Community Voices: Living and dead help each other in local cemeteries

For historians and history buffs around metro Atlanta, old family and church cemeteries are a treasure trove of local history and heritage.

That’s one reason why the Forsyth County Historical Society works so hard to preserve, maintain and study the approximately 100 such cemeteries spread throughout the county.
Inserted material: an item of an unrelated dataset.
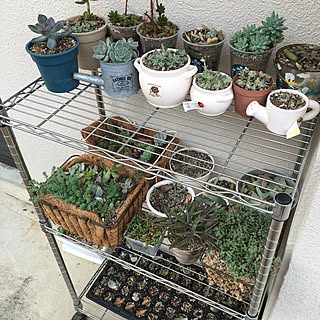 Daiso メイクマンのインテリア実例 Roomclip ルームクリップ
Getting particular attention is the Jacob Scudder family burial plot dating back to the 1830s. Scudder, born in 1788 a year before the ratification of the U.S. Constitution, was one of the first white settlers in the area. He was a man of considerable means as owner of saw and grist mils, a trading post, a licensed Indian agent, as well as a Georgia state senator. The cemetery, where he and his wife Diana are buried is located inside what is now a residential subdivision. It is also the final resting place for 40 or 50 other individuals including Cherokee Indians, several free blacks, and two Civil War veterans - a combination which in that era was unusual.

Rumors persisted for generations about how old Jacob Scudder was buried with a fortune in gold. So, in the 1970s a couple of grave robbers showed up one night with a backhoe, dug the place up, scattering headstones and footstones in a fruitless search for gold. The hallowed ground lay in ruins until 2011 when the Historical Society, under the leadership of Jimmy and Martha McConnell, George Pirkle, John Salter and Myra Ready, teamed up with Boy Scout troop 207.

They put the pieces of broken granite markers and Italian marble coffins back together and in the right locations. It was hard, manual labor since Diana’s Chapel Cemetery (as it’s known) is now inaccessible to heavy equipment.

Boy Scout Bradley Graham of Cumming Troop 207 conceived the restoration idea for his Eagle Scout project. For eight months in 2010 he began planning for restoring the vandalized cemetery, but before he could present his plan to the Etowah Scout Council the aspiring Eagle Scout died in a tragic hunting accident.

Stunned, the troop took on the project as a tribute to Bradley whom they all recognized as a most dedicated member. So the following spring, Troop 207, the Bradley family, and the county historical society joined forces to begin work on the Scudder cemetery and have worked together on that and other cemetery projects ever since.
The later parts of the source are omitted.